--- START ---
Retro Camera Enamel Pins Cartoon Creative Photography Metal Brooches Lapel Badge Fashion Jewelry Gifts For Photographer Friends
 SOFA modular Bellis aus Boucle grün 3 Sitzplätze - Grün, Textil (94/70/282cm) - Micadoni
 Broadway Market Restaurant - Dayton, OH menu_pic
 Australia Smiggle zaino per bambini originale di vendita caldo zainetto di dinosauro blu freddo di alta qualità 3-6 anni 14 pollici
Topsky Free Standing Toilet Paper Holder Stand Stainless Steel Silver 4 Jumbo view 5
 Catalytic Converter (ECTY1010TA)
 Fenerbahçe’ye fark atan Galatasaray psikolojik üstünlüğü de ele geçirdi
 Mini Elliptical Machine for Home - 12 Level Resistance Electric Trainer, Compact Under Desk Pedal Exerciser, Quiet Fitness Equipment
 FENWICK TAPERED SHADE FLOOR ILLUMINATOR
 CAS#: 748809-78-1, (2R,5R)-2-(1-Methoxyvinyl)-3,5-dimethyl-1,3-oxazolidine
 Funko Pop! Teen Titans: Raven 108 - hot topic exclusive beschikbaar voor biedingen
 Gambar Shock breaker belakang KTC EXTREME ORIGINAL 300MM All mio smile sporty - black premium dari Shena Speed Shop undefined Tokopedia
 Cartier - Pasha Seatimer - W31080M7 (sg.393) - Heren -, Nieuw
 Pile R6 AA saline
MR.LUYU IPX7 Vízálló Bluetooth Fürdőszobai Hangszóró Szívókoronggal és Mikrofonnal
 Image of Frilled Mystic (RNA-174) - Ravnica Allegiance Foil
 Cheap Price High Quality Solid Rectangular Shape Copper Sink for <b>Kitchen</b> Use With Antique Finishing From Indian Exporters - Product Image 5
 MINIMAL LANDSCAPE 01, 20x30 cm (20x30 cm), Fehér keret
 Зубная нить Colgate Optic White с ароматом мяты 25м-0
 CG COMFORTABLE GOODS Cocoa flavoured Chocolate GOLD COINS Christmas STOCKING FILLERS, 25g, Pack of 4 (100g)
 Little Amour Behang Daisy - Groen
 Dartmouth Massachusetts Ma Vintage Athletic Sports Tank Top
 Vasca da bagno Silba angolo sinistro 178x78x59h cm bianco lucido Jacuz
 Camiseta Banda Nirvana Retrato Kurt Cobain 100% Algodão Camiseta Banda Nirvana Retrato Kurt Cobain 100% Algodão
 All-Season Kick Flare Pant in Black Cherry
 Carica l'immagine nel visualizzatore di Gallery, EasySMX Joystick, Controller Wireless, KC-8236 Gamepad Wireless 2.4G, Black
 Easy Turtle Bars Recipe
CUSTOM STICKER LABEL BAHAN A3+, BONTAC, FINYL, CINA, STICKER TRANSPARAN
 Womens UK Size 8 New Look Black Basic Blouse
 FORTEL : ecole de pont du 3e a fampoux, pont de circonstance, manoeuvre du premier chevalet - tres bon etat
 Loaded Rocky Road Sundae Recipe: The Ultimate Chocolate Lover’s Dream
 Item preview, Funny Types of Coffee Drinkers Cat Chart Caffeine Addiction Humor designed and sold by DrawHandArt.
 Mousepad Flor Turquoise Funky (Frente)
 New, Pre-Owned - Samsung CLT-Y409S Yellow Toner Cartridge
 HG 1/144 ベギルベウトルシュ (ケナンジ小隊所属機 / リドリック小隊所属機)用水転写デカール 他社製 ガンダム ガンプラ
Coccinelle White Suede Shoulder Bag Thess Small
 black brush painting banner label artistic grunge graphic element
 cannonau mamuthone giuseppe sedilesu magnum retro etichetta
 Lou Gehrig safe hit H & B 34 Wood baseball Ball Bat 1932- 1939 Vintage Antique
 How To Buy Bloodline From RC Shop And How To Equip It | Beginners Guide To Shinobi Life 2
--- END ---
Copy the records above exactly.

-- Output below --
Retro Camera Enamel Pins Cartoon Creative Photography Metal Brooches Lapel Badge Fashion Jewelry Gifts For Photographer Friends
 SOFA modular Bellis aus Boucle grün 3 Sitzplätze - Grün, Textil (94/70/282cm) - Micadoni
 Broadway Market Restaurant - Dayton, OH menu_pic
 Australia Smiggle zaino per bambini originale di vendita caldo zainetto di dinosauro blu freddo di alta qualità 3-6 anni 14 pollici
Topsky Free Standing Toilet Paper Holder Stand Stainless Steel Silver 4 Jumbo view 5
 Catalytic Converter (ECTY1010TA)
 Fenerbahçe’ye fark atan Galatasaray psikolojik üstünlüğü de ele geçirdi
 Mini Elliptical Machine for Home - 12 Level Resistance Electric Trainer, Compact Under Desk Pedal Exerciser, Quiet Fitness Equipment
 FENWICK TAPERED SHADE FLOOR ILLUMINATOR
 CAS#: 748809-78-1, (2R,5R)-2-(1-Methoxyvinyl)-3,5-dimethyl-1,3-oxazolidine
 Funko Pop! Teen Titans: Raven 108 - hot topic exclusive beschikbaar voor biedingen
 Gambar Shock breaker belakang KTC EXTREME ORIGINAL 300MM All mio smile sporty - black premium dari Shena Speed Shop undefined Tokopedia
 Cartier - Pasha Seatimer - W31080M7 (sg.393) - Heren -, Nieuw
 Pile R6 AA saline
MR.LUYU IPX7 Vízálló Bluetooth Fürdőszobai Hangszóró Szívókoronggal és Mikrofonnal
 Image of Frilled Mystic (RNA-174) - Ravnica Allegiance Foil
 Cheap Price High Quality Solid Rectangular Shape Copper Sink for <b>Kitchen</b> Use With Antique Finishing From Indian Exporters - Product Image 5
 MINIMAL LANDSCAPE 01, 20x30 cm (20x30 cm), Fehér keret
 Зубная нить Colgate Optic White с ароматом мяты 25м-0
 CG COMFORTABLE GOODS Cocoa flavoured Chocolate GOLD COINS Christmas STOCKING FILLERS, 25g, Pack of 4 (100g)
 Little Amour Behang Daisy - Groen
 Dartmouth Massachusetts Ma Vintage Athletic Sports Tank Top
 Vasca da bagno Silba angolo sinistro 178x78x59h cm bianco lucido Jacuz
 Camiseta Banda Nirvana Retrato Kurt Cobain 100% Algodão Camiseta Banda Nirvana Retrato Kurt Cobain 100% Algodão
 All-Season Kick Flare Pant in Black Cherry
 Carica l'immagine nel visualizzatore di Gallery, EasySMX Joystick, Controller Wireless, KC-8236 Gamepad Wireless 2.4G, Black
 Easy Turtle Bars Recipe
CUSTOM STICKER LABEL BAHAN A3+, BONTAC, FINYL, CINA, STICKER TRANSPARAN
 Womens UK Size 8 New Look Black Basic Blouse
 FORTEL : ecole de pont du 3e a fampoux, pont de circonstance, manoeuvre du premier chevalet - tres bon etat
 Loaded Rocky Road Sundae Recipe: The Ultimate Chocolate Lover’s Dream
 Item preview, Funny Types of Coffee Drinkers Cat Chart Caffeine Addiction Humor designed and sold by DrawHandArt.
 Mousepad Flor Turquoise Funky (Frente)
 New, Pre-Owned - Samsung CLT-Y409S Yellow Toner Cartridge
 HG 1/144 ベギルベウトルシュ (ケナンジ小隊所属機 / リドリック小隊所属機)用水転写デカール 他社製 ガンダム ガンプラ
Coccinelle White Suede Shoulder Bag Thess Small
 black brush painting banner label artistic grunge graphic element
 cannonau mamuthone giuseppe sedilesu magnum retro etichetta
 Lou Gehrig safe hit H & B 34 Wood baseball Ball Bat 1932- 1939 Vintage Antique
 How To Buy Bloodline From RC Shop And How To Equip It | Beginners Guide To Shinobi Life 2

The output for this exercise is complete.